Como parte de su plan maestro, la dulce Miley buscó la forma de levantar polvareda mediática explotando reclamos sexuales atípicos y novedosos; era difícil, empero, encontrar recursos poco trillados en el mercado: a la sazón las sexualidades no normativas, fuente inagotable de morbo y ventas, estaban ya copadas en el escaparate global por la talentosa barbadense Rihanna y sus apologías del rollo bollo y del BDSM (I like it like it, c’mon, que decía el estribillo). La bombilla se le encendió a nuestra refugiada de la factoría Disney durante una estancia en Nueva Orleans; allí descubrió de primera mano el twerk y decidió apropiárselo para sus propios fines megalomaníacos. En videoclips, conciertos y todo tipo de apariciones públicas, la cantante se empleó a fondo en usar y abusar de sus dudosas habilidades de twerking (no seré yo quien niegue que Cyrus tiene una voz estupenda y unas dotes de entertainer fuera de lo común, pero la pobre es un saco de huesos y para hacer twerk en condiciones hay que mover carne en abundancia). De esta manera, y como lleva más de un siglo sucediendo en los USA, las comunidades afroamericanas desarrollan formas viscerales y auténticas de cultura popular para que luego algún blanco avispado de la industria musical se las descubra al gran público, llevándose toda la fama y dinero a mantas.
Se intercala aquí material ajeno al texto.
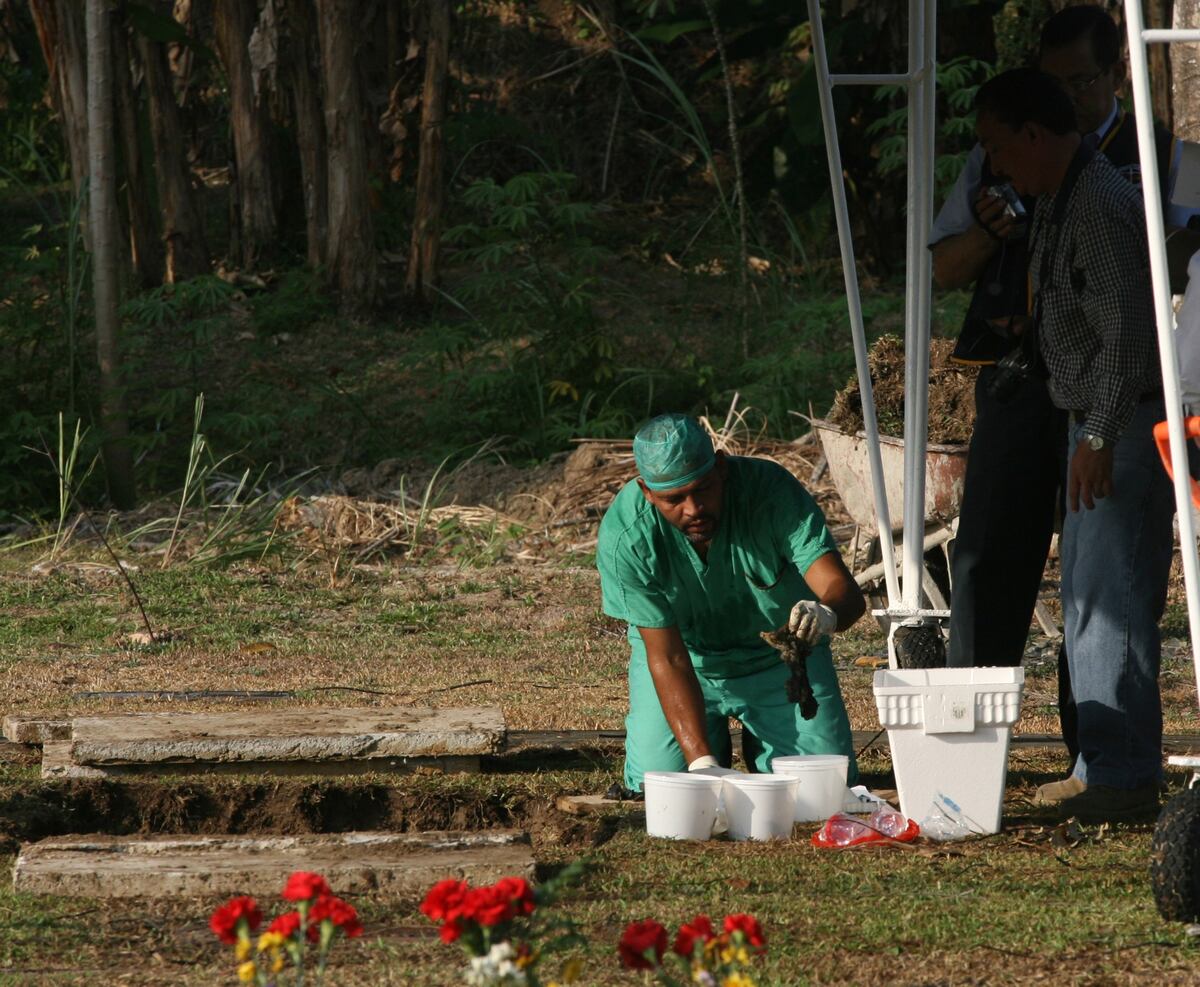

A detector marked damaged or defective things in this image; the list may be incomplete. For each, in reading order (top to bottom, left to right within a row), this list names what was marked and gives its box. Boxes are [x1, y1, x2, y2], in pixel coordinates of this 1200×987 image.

cracked concrete slab [12, 830, 530, 898]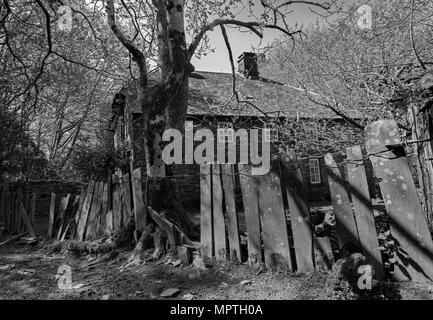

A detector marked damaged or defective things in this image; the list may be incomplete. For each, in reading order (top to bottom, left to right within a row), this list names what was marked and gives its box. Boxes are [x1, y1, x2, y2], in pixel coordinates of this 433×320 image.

broken fence plank [280, 152, 314, 272]
broken fence plank [322, 152, 360, 252]
broken fence plank [344, 146, 384, 280]
broken fence plank [362, 120, 432, 282]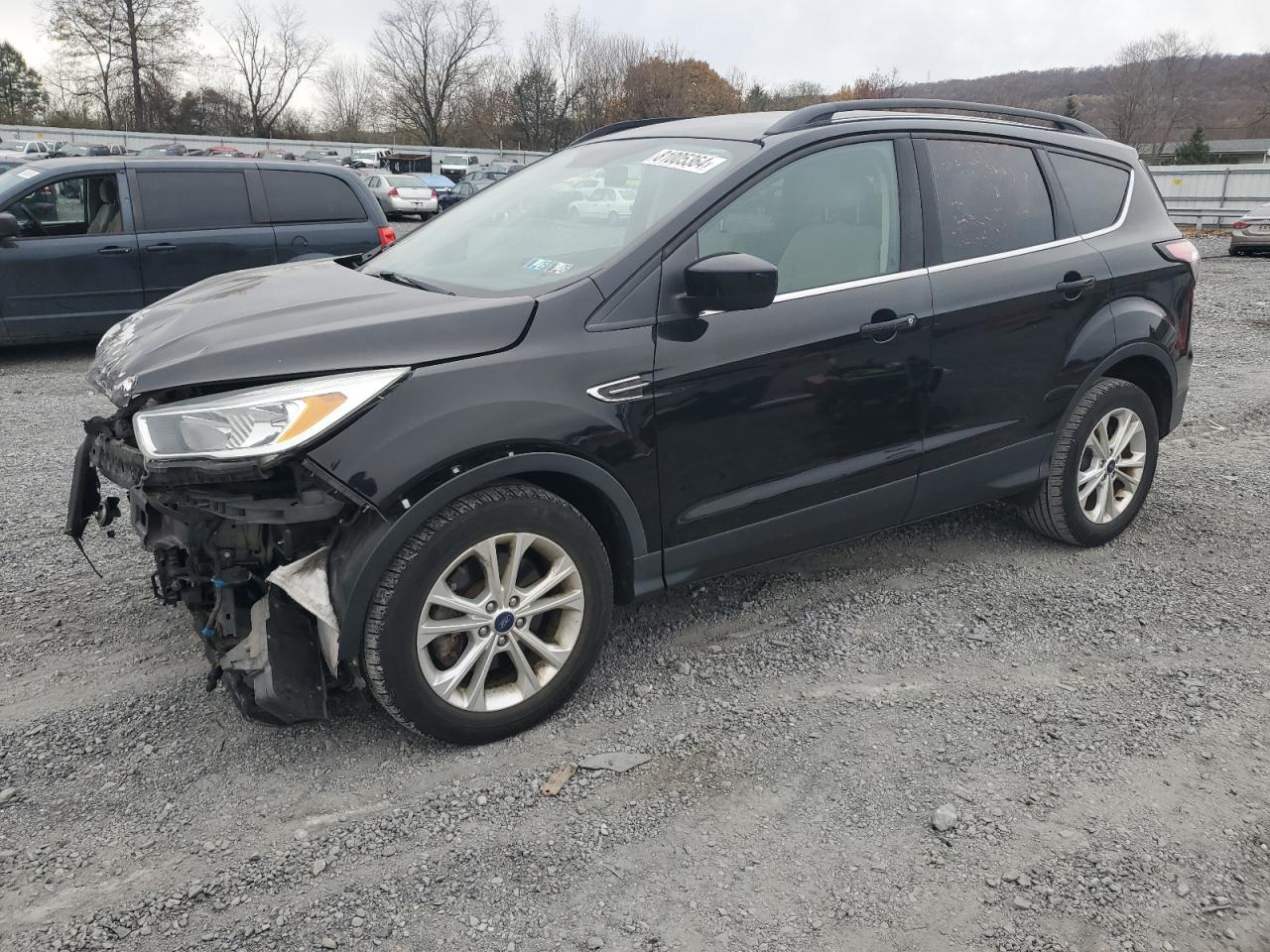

Hoy el twerk es cultura de masas. A través de la MTV, oráculo de las tendencias urbanas, el otrora baile endémico de los guetos de Nueva Orleans ha colonizado la libido global a golpes de nalga. Pero, rascando un poco más, ¿de dónde viene realmente el twerk? Como ocurre con tantos otros ritmos, pasos y melismas de la música negra estadounidense, sus verdaderas raíces están en África. En una impactante secuencia del documental Rize (2005), David LaChapelle ilustraba el asombroso parentesco entre ciertas danzas ancestrales del África subsahariana y nuevas formas de baile urbano (clowning y krumping) surgidas en los noventa entre los afroamericanos de la inner city de Los Angeles. Exactamente lo mismo ocurre con el twerk, primo lejano de una amplia familia de danzas africanas cuya tradición aún sigue viva, pese a que el celo de los ulemas las mantiene en muchos países en la semiclandestinidad. El mapouka de Costa de Marfil, el leumbeul de Senegal, el baikoko de Tanzania, el niiko de los bantúes de Somalia: son bailes por y para el culo, canalizadores de una energía primigenia que apela sin ambages a nuestro apetito sexual. Nos recuerdan que toda danza proviene, en el fondo, de los ritos de cortejo. Y he aquí que algo tan santo y tan bello ha sido banalizado en los tiempos que corren, convertido en vacuo trending topic y destinado a vídeos de petardas solipsistas (véase más arriba) y a anuncios de ropa. ¡Claro que sí, guapi!